ASSIGNMENT: For the records below, output word for word the lines from the one with "Natural Stone Bead" up to and including the one with "Big Patterned Rings". No pictures.

(Brief descriptive captions)
((

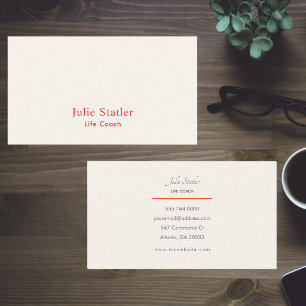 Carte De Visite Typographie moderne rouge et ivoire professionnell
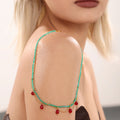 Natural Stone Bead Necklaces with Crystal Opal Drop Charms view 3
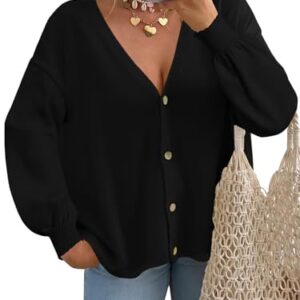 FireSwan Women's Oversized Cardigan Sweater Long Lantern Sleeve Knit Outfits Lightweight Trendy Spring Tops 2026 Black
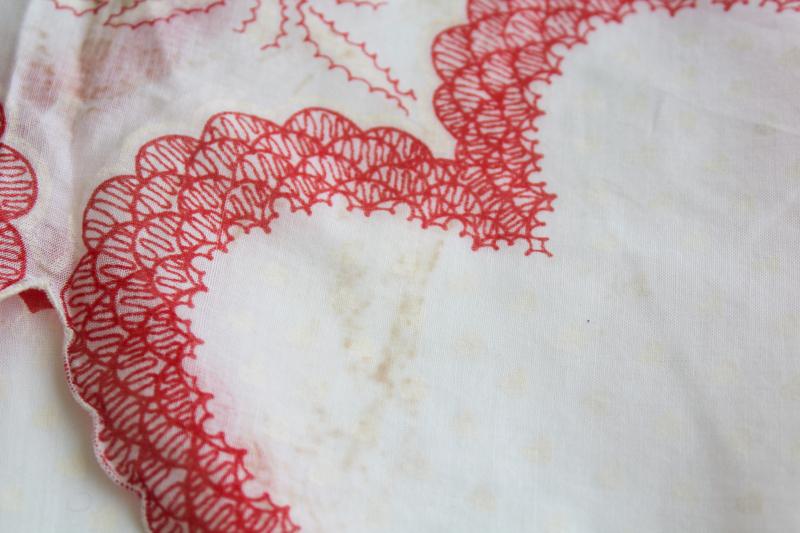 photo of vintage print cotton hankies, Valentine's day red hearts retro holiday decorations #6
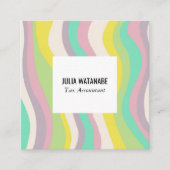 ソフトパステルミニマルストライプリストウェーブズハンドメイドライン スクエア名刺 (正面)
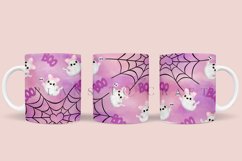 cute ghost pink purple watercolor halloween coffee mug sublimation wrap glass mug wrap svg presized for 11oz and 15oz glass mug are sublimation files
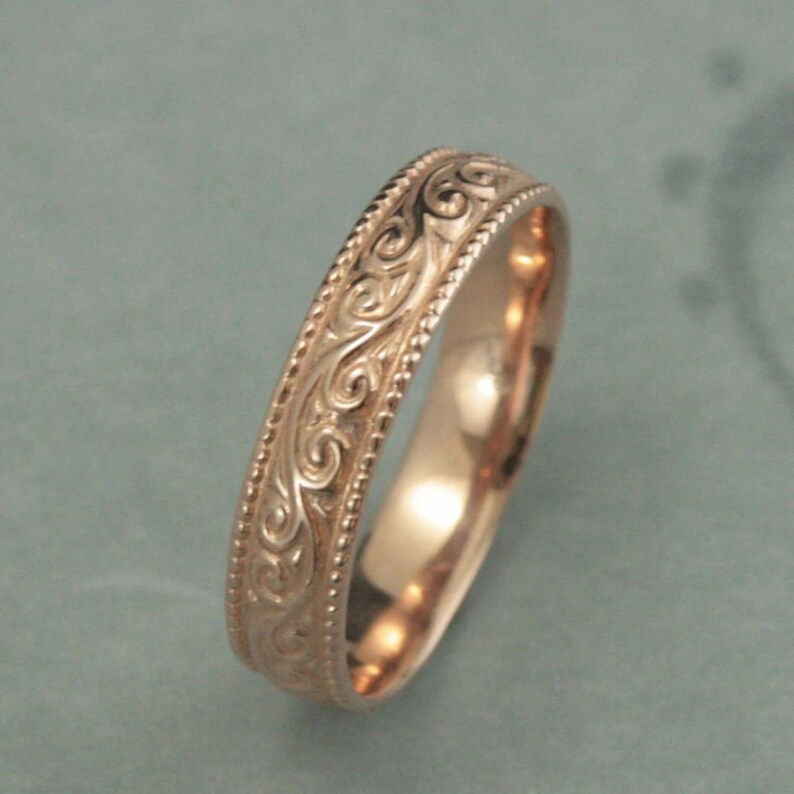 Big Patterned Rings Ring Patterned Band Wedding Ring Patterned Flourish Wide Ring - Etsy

))
((

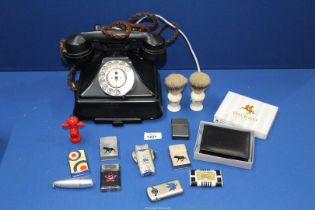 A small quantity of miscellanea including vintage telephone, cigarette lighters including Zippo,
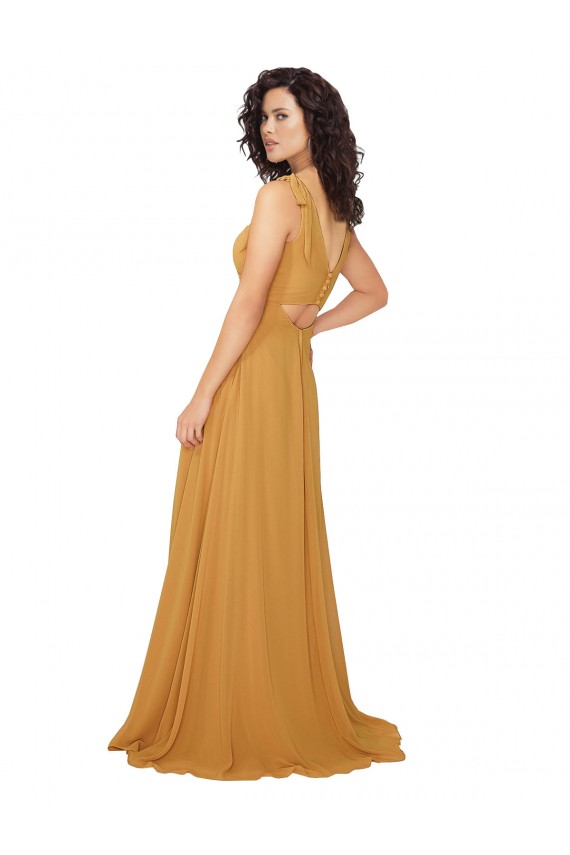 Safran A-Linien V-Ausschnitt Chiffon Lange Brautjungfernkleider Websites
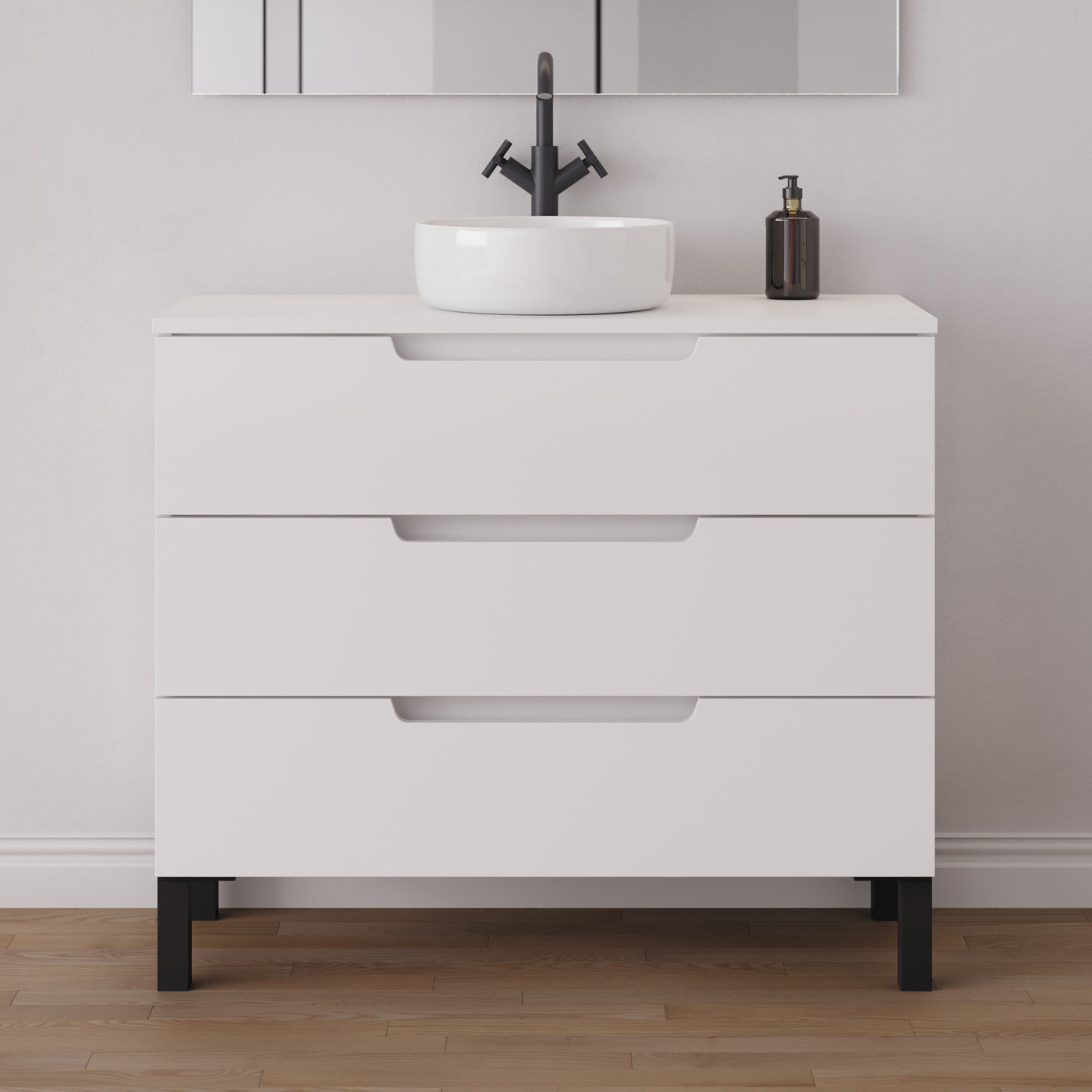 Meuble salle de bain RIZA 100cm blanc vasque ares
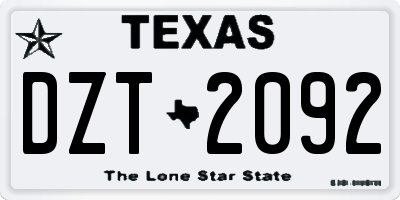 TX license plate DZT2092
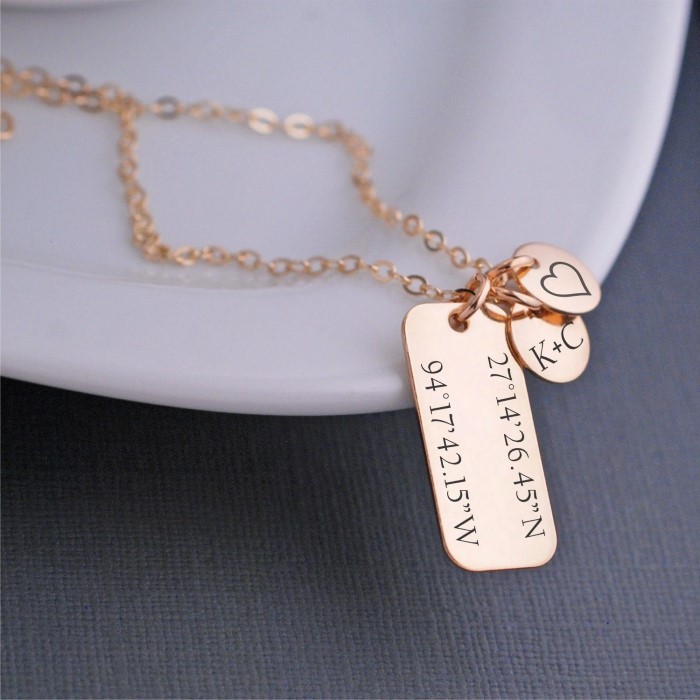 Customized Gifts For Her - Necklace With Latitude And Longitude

))

RESULT OF THE TASK:
 Natural Stone Bead Necklaces with Crystal Opal Drop Charms view 3
 FireSwan Women's Oversized Cardigan Sweater Long Lantern Sleeve Knit Outfits Lightweight Trendy Spring Tops 2026 Black
 photo of vintage print cotton hankies, Valentine's day red hearts retro holiday decorations #6
 ソフトパステルミニマルストライプリストウェーブズハンドメイドライン スクエア名刺 (正面)
 cute ghost pink purple watercolor halloween coffee mug sublimation wrap glass mug wrap svg presized for 11oz and 15oz glass mug are sublimation files
 Big Patterned Rings Ring Patterned Band Wedding Ring Patterned Flourish Wide Ring - Etsy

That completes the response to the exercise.